I didn’t plan to spend the evening waiting.
I missed my usual train and found myself walking alone toward the station, in the soft light of the approaching sunset. I was tired, frustrated, carrying the heaviness of the day with me, the kind of day that lingers even after you leave work behind.
When the train arrived, I stepped inside and settled into a seat by the window. Usually, I avoid the sun, looking for a quieter corner. But tonight, something told me to stay where the light could find me.
As the train moved through the valley, I began to notice how alive everything was. The lush, vibrant green that only exists in winter and early spring, before the summer heat arrives. The air was still. There was a quiet that felt almost audible, like a crystal note held gently in place.
The soft orange light of the sunset rested on the trees and low bushes, wrapping everything in warmth.
It was so different from how I felt inside.
And yet, even in my frustration, something began to shift. Not suddenly, not completely, but gently, toward the silence, the depth, the quiet wisdom of the landscape around me.
Nothing had changed.
It was still the same day.
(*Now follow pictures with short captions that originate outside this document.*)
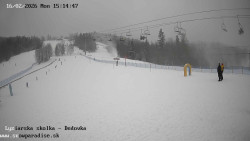 Dětská lyžařská školka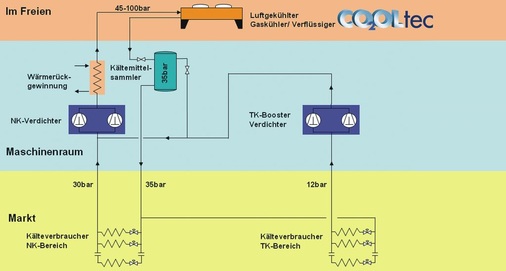 Vereinfachtes RI-Fließbild der transkritischen Kälteanlage für direkt 
verdampfendes Kohlendioxid inklusive Wärmerückgewinnung
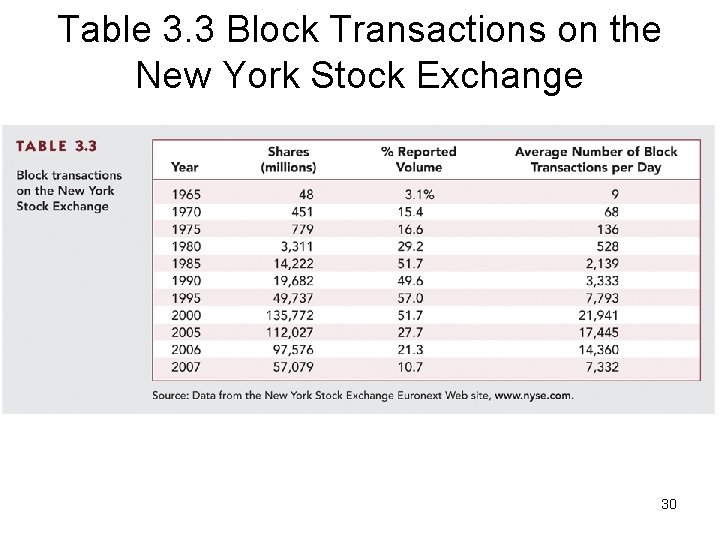 Table 3. 3 Block Transactions on the New York Stock Exchange 30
Even my thoughts were the same. The same circumstances.
But the evening… was still.
And the light remained.
The softness of that moment reminded me of evenings I once spent in a small garden, watching the sky open in the same way.
Places change.
Even the ones that feel like they will always be there.
But the light… It still finds us.
I spend a lot of time looking for meaning, for signs, for connection, for something to hold on to.
But yesterday, nothing asked to be understood.
It was simply there.
Quiet.
Still.
Enough.
I didn’t choose that train.
But maybe the evening chose me.
And for a few moments, between stations, I remembered that even when everything feels out of place, there is still something in this world that remains gentle.
May I remember that stillness does not depend on perfect days.
May I recognize the quiet when it finds me, even when I am not looking for it.
And may I trust that what is gentle in this world will continue to meet me, again and again.